Guillaume Kaufmann est à l’affût. Tantôt s’accroupissant, tantôt sur la pointe des pieds, il rôde autour d’un arbuste noir de jais sur lequel des centaines de petites fleurs ont éclos. Soudain, il s’arrête. «Il y en a peut-être une ou deux de bonnes, et je crois que celles-ci feront l’affaire», raconte-t-il. Galurin vissé sur la tête et simple col roulé sur les épaules, malgré les petits 8 degrés de ce début de matinée, le trentenaire déplie son pied et ajuste l’appareil. Dans l’objectif, ses victimes apparaissent: deux minuscules fleurs dans leur majesté naturelle. «J’aime amener aux gens ce qu’ils ne peuvent pas voir», sourit le photographe amateur. Ce qu’il fait, là, les pieds dans l’herbe trempée s’appelle de la macro: prendre l’image de quelque chose de tout petit et le donner à voir en grand. «C’est au poil de cul si on veut un truc bien», le chasseur attend que la brise cesse de faire vibrer les branches. «Je cherche à avoir un arrière-fond uni et blanc, formé par les autres fleurs. J’ai envie que ça ressemble à un monde imaginaire.»
Oui, mais un univers qui ne serait pas créé en studio. Guillaume aime photographier et magnifier la nature en dénichant le bon lieu, en attendant le bon moment, la bonne lumière et surtout… la météo favorable: «Je regarde l’application Météosuisse toutes les heures!» La nature, ce grand gaillard qui a grandi à la campagne aime la raconter. Alors qu’il descend vers la ferme familiale, sise au Bas-Monsieur, dans la campagne chaux-de-fonnière, Guillaume, explique: «Le moment est bien plus important que le lieu.» Ainsi, ce matin-là, les fleurs ont toute son attention, mais l’hiver ce sont les flocons de neige qu’il traque (lire encadré).

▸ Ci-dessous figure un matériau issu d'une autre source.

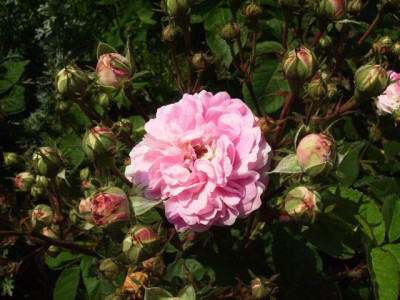 alte_Rose_1.jpg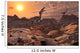 Pack Carnivorous Velociraptors from Wall Decal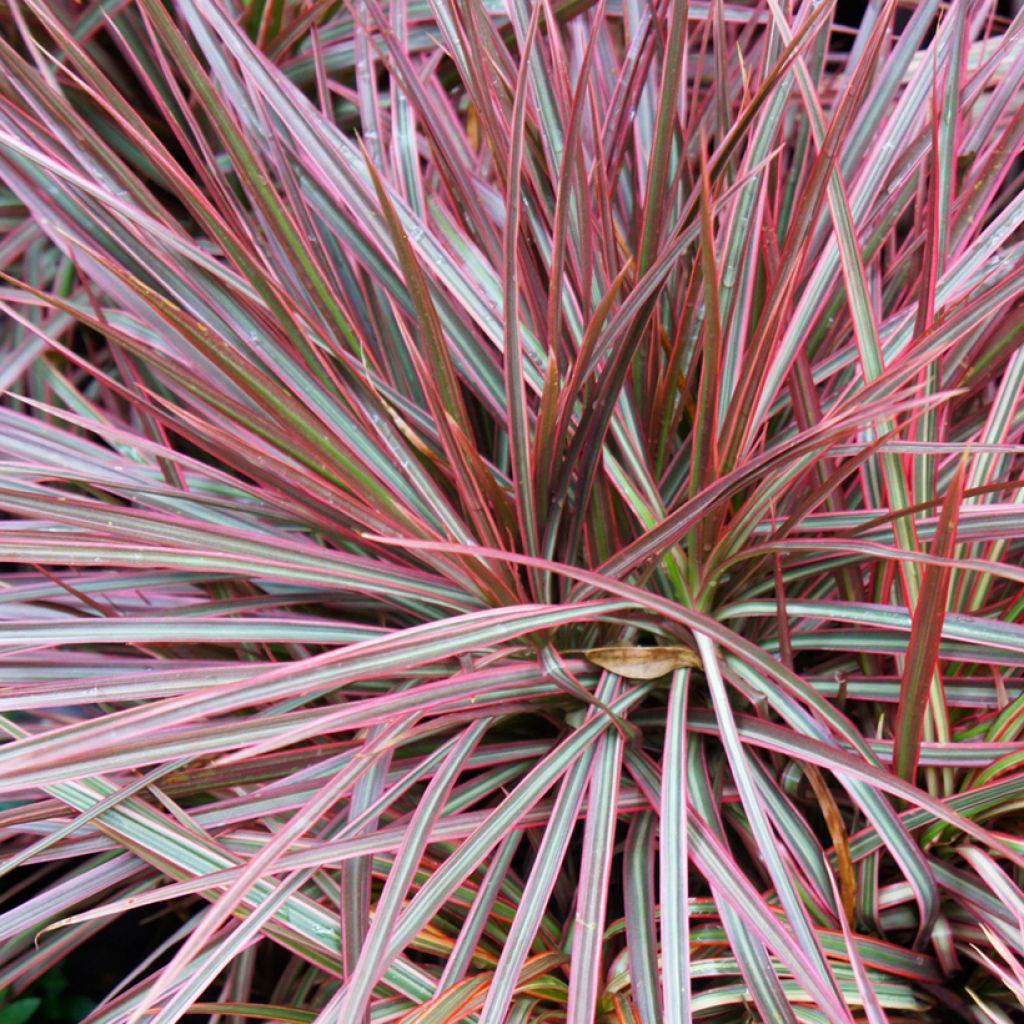Dracaena reflexa var. angustifolia Magenta - Drakenbloedboom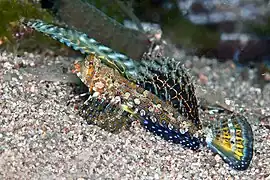 Dactylopus kuiteri (Callionymidae).
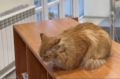 В Нижневартовске женщина пришла на выборы с котиком | АиФ Югра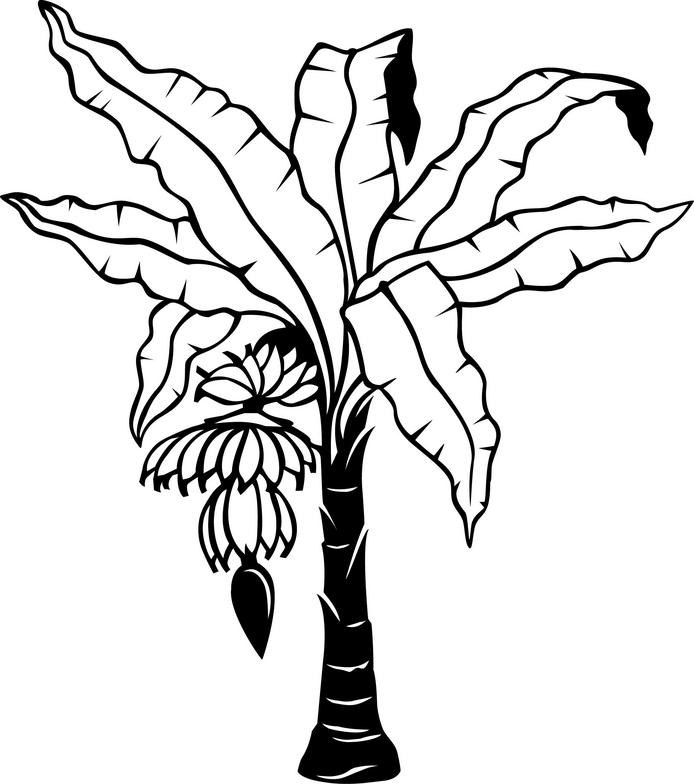 banana tree leaf template Colouring Pages (page 3)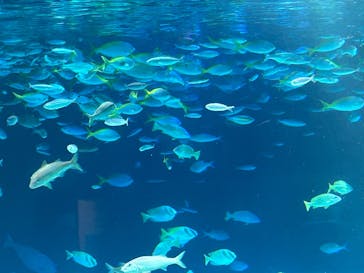 サンシャイン水族館に投稿された画像（2024/12/20）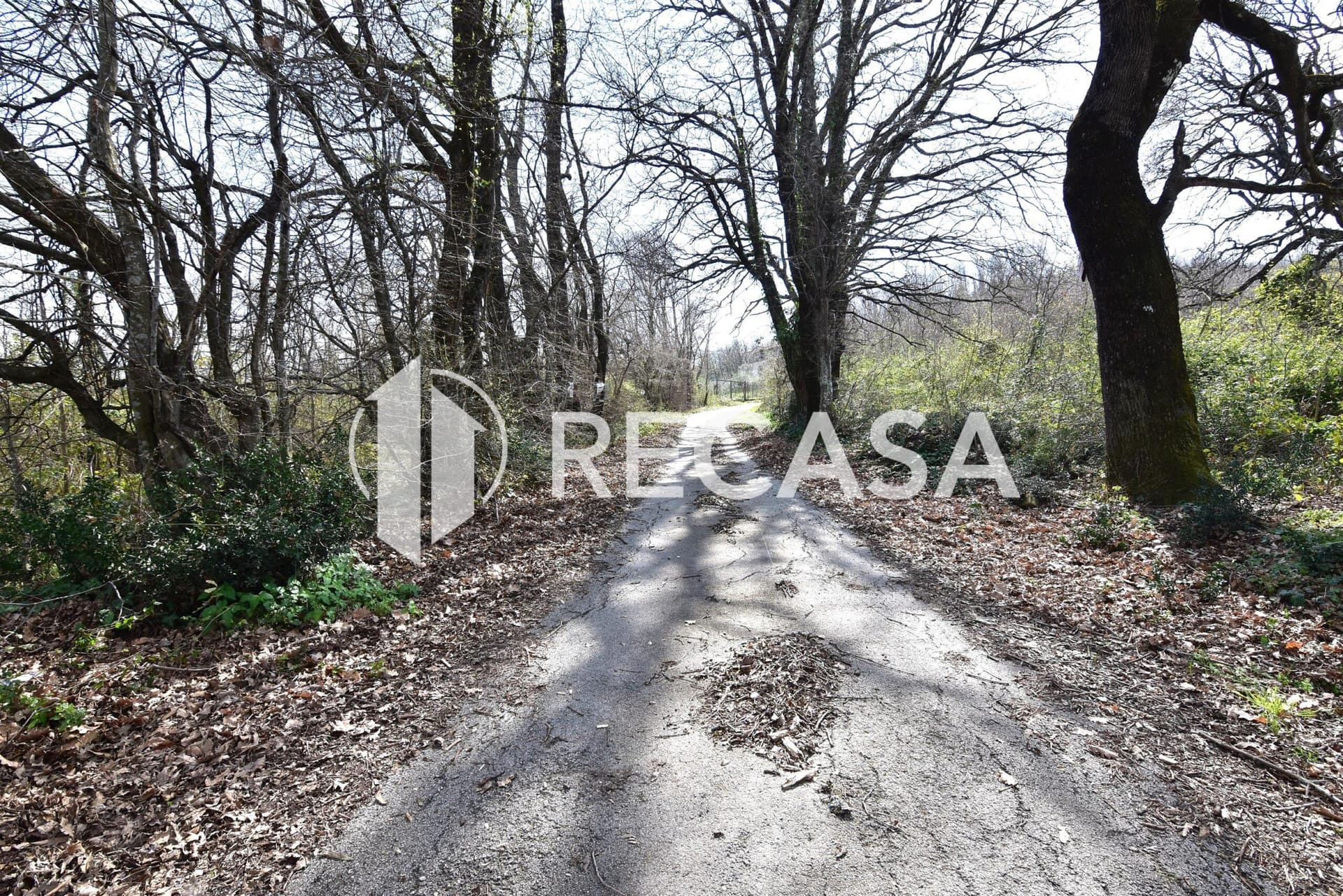 Vendita lotto agricolo San Barbato Manocalzati - Foto 6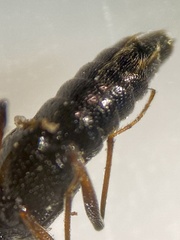 Stenus fossulatus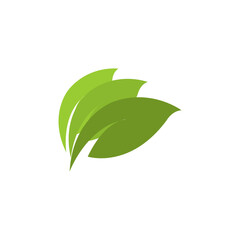 Leaf Vector Logo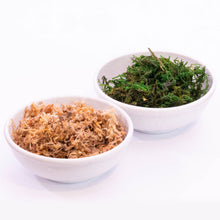 画像をギャラリービューアに読み込む, 炭花壇制作キット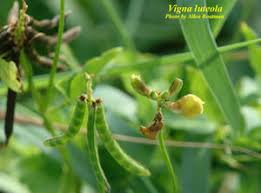 Image result for Vigna oblongifolia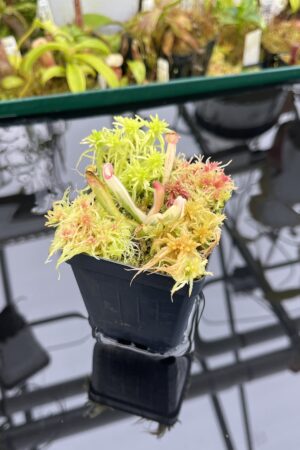 Close Up of Heliamphora Flamingo | Andreas Wistuba | AW-01 | H26895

Bien qu’il apprécie tout ce qui est minuscule, le trentenaire prend un plaisir tout particulier à sublimer les paysages de sa région. Surtout à l’aube. «J’aime les lumières à cette heure-là.» Mais vadrouiller aux aurores et être jeune papa, c’est compatible? «Je reviens à 7h30 avec les croissants et tout le monde est content (rires)!» Ensuite, ce doctorant en lettres à l’Université de Neuchâtel part au boulot. Eh oui, la photo, c’est un hobby. Et pourtant ses images de paysages, peu connues en Suisse, ont été vues par des milliers de… Chinois.

 

«J’aime amener aux gens ce qu’ils ne peuvent pas voir.»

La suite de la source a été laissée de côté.